Manon DE BOER

At Media City Seoul 2010

Attica (2008)

16 mm film

Seoul Museum of Art, Glass Room Gallery

Artist Profile

Born 1966; Lives and works in Brussels

Manon de Boer’s films investigate the multilayered relations between time, memory, language, and truth through aural and visual interpretations. She is particularly well-known for her series of portrait films that document and reveal the inner thoughts and memories of various people.

Attica, created in collaboration with musicians, is a visual translation of two pieces by the American composer Frederic Rzewski, who was inspired by a 1971 revolt at the Attica Correctional Facility in New York when inmates, demanding their human rights, took over the institution; the uprising ended with 43 fatalities, among them prison officers who had been held as hostages

Attica opens with the last part of Rzewski’s “Coming Together”, a piece based on a letter written by Sam Melville, an inmate killed during the riot.
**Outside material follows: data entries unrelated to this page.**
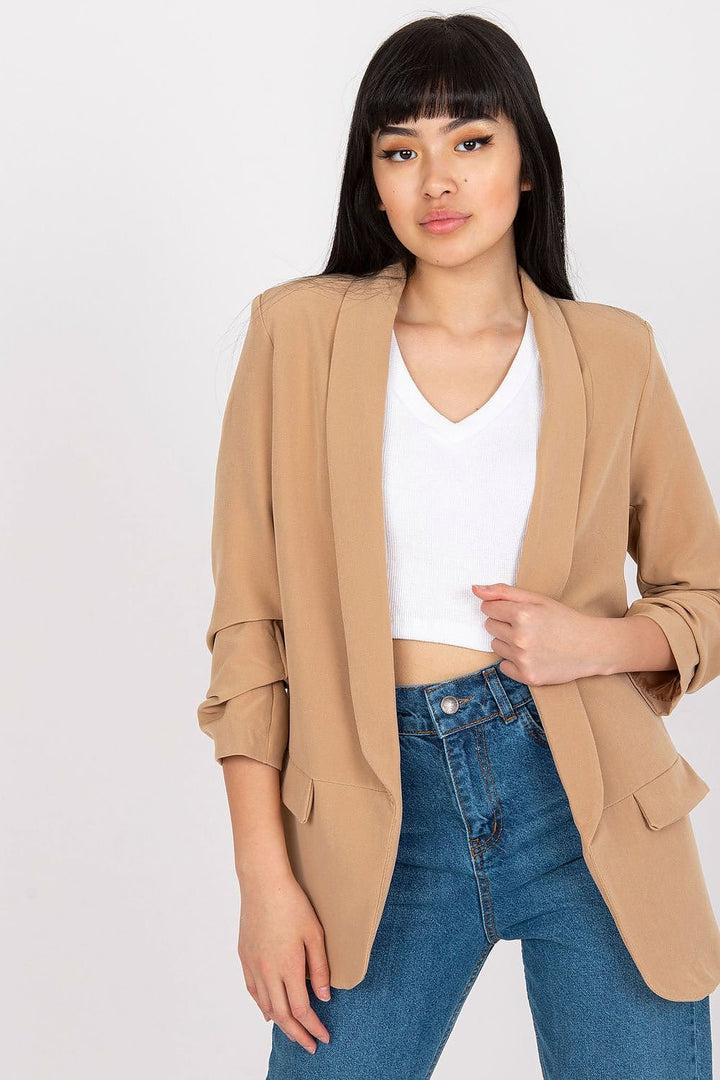 Chaqueta Italia Moda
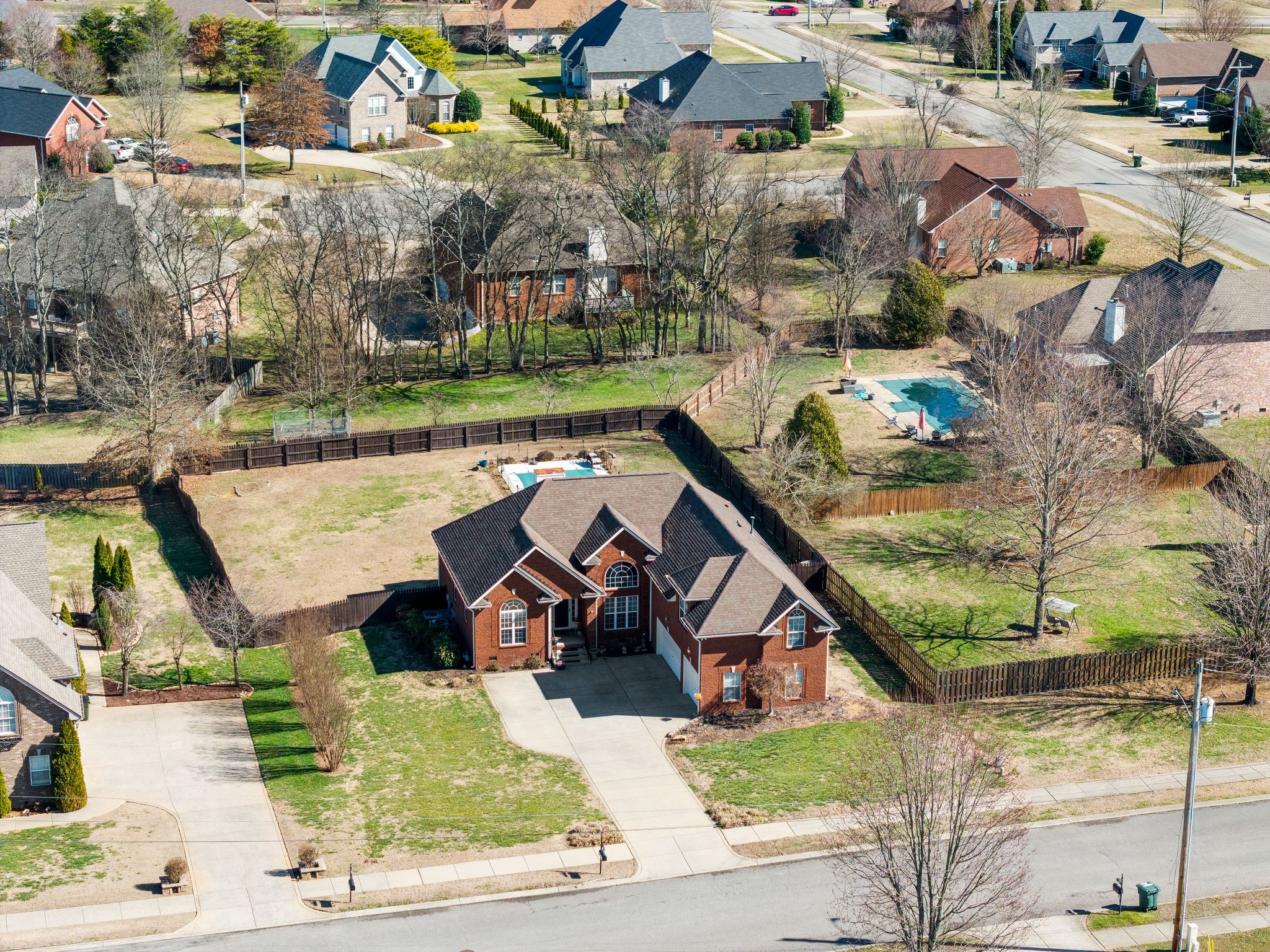 157 Mimosa Drive Gallatin TN 37066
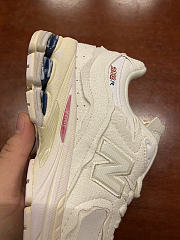 New Balance 2002R Protection Pack Sea Salt M2002RDC - 3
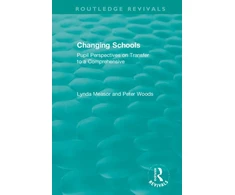 KNYGA Lynda Measor Changing Schools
In the spring of 1971, Melville wrote a letter to a friend describing his experience of the flow of time. Rzewksi’s “Attica” tells the story of Richard X. Clark, one of the instigators of the revolt. Upon his release, when a journalist asked him how he felt leaving Attica behind, he replied, “Attica is in front of me.” Jan Rzewski, the composer’s son, repeats these words as a refrain throughout the piece. Shot in 16mm format, De Boer’s film is composed of a 360-degree panning shot that begins showing the musicians one by one as the music plays, leaving them to encompass the entire setting in a circle, and finally ends by returning to the opening frame.